Having read all the replies above, I am still confused as to what I should do. Should I change the .htaccess file to the following:


RewriteEngine On
RewriteCond %{HTTPS} off
RewriteRule (.*) https://www.domain.co.uk/store/admin/$1 [R]
AuthName "Restricted Area" 
AuthType Basic 
AuthUserFile /home/domain/htpasswdlocation/.htpasswd 
AuthGroupFile /dev/null 
require valid-user

Also, really sorry but not sure what you mean by ‘Is it a static box’. If you can tell me what that means I can find out. I am so lame at all this!!

Thanks for the help!
Naz

Naz,

Assuming that you can add the correctly encrypted password to .htpasswd, it seems okay. However, using a control panel (don’t you have a control panel available?) makes it trivial as they take care of all the nitty-gritty details of the encryption, location of the .htpasswd and setting the valid-user.

Regards,

DK

Static box, the old, traditional way of web hosting where 1 single computer is configured to host or run the website.
The alternatives are clustered hosting, distributed, or cloud. Where multiple computers could be running the website or service.

When using a server level login, .htaccess, apache, php-pear, they all store a credential on that 1 computer alone, the local hard drive.
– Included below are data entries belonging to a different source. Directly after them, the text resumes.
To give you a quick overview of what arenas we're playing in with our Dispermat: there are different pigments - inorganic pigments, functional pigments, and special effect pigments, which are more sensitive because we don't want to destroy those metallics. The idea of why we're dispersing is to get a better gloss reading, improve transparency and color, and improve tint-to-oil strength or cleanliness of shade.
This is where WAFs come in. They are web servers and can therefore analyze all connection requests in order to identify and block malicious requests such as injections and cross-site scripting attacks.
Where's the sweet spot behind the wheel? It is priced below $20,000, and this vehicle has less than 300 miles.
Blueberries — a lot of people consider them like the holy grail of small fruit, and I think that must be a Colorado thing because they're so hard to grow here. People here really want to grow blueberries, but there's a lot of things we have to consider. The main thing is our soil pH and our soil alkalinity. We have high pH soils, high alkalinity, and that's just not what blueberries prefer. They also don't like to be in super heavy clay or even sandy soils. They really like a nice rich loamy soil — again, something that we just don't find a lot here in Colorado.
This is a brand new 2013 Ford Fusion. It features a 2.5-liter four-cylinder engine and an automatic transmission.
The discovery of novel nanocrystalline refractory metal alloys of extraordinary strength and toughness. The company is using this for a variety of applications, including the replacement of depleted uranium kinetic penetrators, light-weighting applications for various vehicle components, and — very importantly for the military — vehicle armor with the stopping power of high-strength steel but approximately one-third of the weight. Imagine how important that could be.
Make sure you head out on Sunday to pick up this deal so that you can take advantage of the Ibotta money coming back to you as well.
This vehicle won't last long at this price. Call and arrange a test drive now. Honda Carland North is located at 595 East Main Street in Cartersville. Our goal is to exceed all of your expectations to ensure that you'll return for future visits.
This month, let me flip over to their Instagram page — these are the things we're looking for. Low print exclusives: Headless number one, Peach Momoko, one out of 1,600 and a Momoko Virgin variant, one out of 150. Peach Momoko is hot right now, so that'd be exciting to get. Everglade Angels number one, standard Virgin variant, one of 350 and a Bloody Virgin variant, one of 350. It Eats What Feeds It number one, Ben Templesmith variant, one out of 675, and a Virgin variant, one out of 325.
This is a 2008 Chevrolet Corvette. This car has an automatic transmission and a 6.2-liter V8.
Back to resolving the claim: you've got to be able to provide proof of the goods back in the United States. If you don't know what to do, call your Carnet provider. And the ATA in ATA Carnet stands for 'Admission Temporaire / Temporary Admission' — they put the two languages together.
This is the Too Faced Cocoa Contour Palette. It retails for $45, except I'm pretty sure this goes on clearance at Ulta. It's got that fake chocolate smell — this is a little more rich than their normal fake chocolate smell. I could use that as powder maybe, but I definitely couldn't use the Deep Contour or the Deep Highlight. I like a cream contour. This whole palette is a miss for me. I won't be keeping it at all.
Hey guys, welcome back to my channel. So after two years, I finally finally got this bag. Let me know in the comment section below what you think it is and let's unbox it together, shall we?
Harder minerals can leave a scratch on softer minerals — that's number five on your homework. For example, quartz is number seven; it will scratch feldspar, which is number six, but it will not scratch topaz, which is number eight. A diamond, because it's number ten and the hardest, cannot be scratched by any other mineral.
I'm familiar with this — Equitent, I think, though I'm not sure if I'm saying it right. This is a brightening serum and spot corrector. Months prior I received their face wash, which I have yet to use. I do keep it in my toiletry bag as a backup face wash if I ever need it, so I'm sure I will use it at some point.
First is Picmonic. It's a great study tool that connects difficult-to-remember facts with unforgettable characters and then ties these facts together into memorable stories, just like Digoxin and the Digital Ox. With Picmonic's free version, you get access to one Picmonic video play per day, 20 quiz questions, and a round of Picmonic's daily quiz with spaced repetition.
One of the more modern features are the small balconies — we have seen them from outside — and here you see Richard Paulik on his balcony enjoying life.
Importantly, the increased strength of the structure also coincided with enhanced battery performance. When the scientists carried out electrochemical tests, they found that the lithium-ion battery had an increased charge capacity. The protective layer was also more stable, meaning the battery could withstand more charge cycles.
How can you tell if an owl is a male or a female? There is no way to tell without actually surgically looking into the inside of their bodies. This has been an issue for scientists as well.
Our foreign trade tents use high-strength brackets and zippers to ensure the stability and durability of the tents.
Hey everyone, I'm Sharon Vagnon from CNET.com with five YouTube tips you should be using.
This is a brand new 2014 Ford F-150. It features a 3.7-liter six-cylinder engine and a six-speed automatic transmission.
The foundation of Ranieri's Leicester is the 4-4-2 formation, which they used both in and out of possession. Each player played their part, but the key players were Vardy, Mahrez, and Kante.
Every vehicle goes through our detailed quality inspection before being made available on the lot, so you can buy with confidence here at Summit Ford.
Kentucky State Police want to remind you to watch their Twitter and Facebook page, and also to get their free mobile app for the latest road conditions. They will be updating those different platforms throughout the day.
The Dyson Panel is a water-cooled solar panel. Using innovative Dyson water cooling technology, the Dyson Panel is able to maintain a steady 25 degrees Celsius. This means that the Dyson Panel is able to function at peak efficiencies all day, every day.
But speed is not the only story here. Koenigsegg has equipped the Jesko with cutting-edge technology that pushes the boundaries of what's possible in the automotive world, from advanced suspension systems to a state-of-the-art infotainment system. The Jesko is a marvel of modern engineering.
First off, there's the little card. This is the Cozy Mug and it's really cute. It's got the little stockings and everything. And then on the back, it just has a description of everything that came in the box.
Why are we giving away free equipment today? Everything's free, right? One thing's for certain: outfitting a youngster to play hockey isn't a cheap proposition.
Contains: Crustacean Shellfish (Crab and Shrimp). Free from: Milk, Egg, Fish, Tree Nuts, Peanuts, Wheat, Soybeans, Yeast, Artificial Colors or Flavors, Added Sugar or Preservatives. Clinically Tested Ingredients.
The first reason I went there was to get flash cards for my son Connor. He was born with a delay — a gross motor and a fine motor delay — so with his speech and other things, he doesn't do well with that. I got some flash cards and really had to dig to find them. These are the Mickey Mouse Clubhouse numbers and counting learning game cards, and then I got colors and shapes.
That login only works if the website goes to the same computer every time.

I have checked with my hosting company, and my website is resolving to one server.

Also, I have now changed the .htaccess to the following:

RewriteEngine On
RewriteCond %{HTTPS} off
RewriteRule (.*) https://www.domain.co.uk/store/admin/$1 [R]
AuthName “Restricted Area”
AuthType Basic
AuthUserFile /home/domain/protectstore/.htpasswd
AuthGroupFile /dev/null
require valid-user

But I am still having to enter username and password multiple times. Do you have any other suggestions please? I cant use the cPanel to add a .htaccess, as I dont have access to do this with my hosting.

Many thanks
Naz

I think dklynn was suggesting you use the cPanel “Password Protect Directory” function to add the password protection, rather than trying to do it yourself via the .htaccess file. Does your hosting account not use cPanel?

Thanks, TB, correct! :tup:

The problem with creating your own htpasspw file is that you are required to create the encrypted passwords in a specific manner (with an encryption tool?). If you’re not doing that, your homemade password protection will not work.

Me, I’m lazy enough to use cPanel’s “Password Protect Directories” function … with great success.